According to celebrated legend, around 1565, vines were brought from the town of Tokay, Hungary by the Baron Lazare of Schwendi, who served the Austrian house during its conflict against the Turks. A landowner in Bade and Alsace, he ordered that these vines be planted in Kientzheim (where his castle remains today as property of the Brotherhood of Saint Etienne). It is true that at this time, the wine producing regions of Europe dreamed of producing Hungarian Tokay, a much-appreciated fortified wine produced from the grape varietal Furmint. However, according to the theses of several experts in ampelography (vine identification), it is likely that the varietal brought by Lazare of Schwendi was not related to the famous wine of Hungary. Pinot Gris, originally from Burgundy and notable for its qualities and ability to produce very concentrated wines, had been substituted under the name Grauer Tokayer.

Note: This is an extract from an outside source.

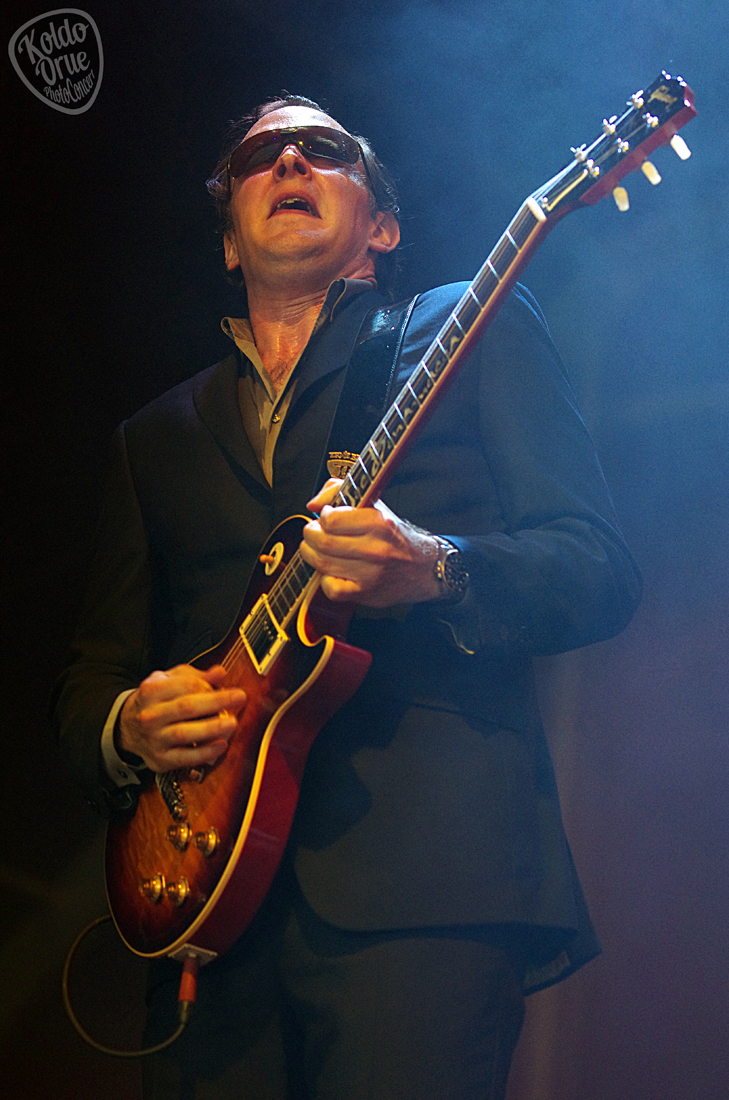Joe Bonamassa en el Azkena Rock Festival 2014, Foto Koldo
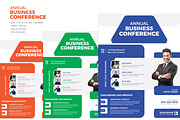 Annual Business Conference, a Flyer Template by Rahul Datta (Thumbnail 1 of 2)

In addition to these scientific and taste factors, it is the tantalizing story of its various designations that was to capture the attention of the wine world. Referred to as Grauer Tokayer before 1970, Pinot Gris was successively named Tokay Gris, then Tokay d’Alsace, followed by Tokay Pinot Gris, and finally, as of April 1, 2007, Pinot Gris.
Pinot Gris has a lovely yellow-gold or even amber colour.
Generally less intense, yet with great aromatic complexity, Pinot Gris often develops distinctive smoky notes: aromas of forest floor, burnt vine shoots, mushrooms, moss, dried fruits, apricot, honey, beeswax, and gingerbread. Given its inherent discretion, Pinot Gris benefits from decanting a few moments before being served, in order for its complexity to be fully appreciated.
This is a noble wine that offers great substance, an admirable, lively roundness that tends toward a slightly sweet opulence, but always underpinned by delightful freshness. It is the balanced intensity that makes it so attractive.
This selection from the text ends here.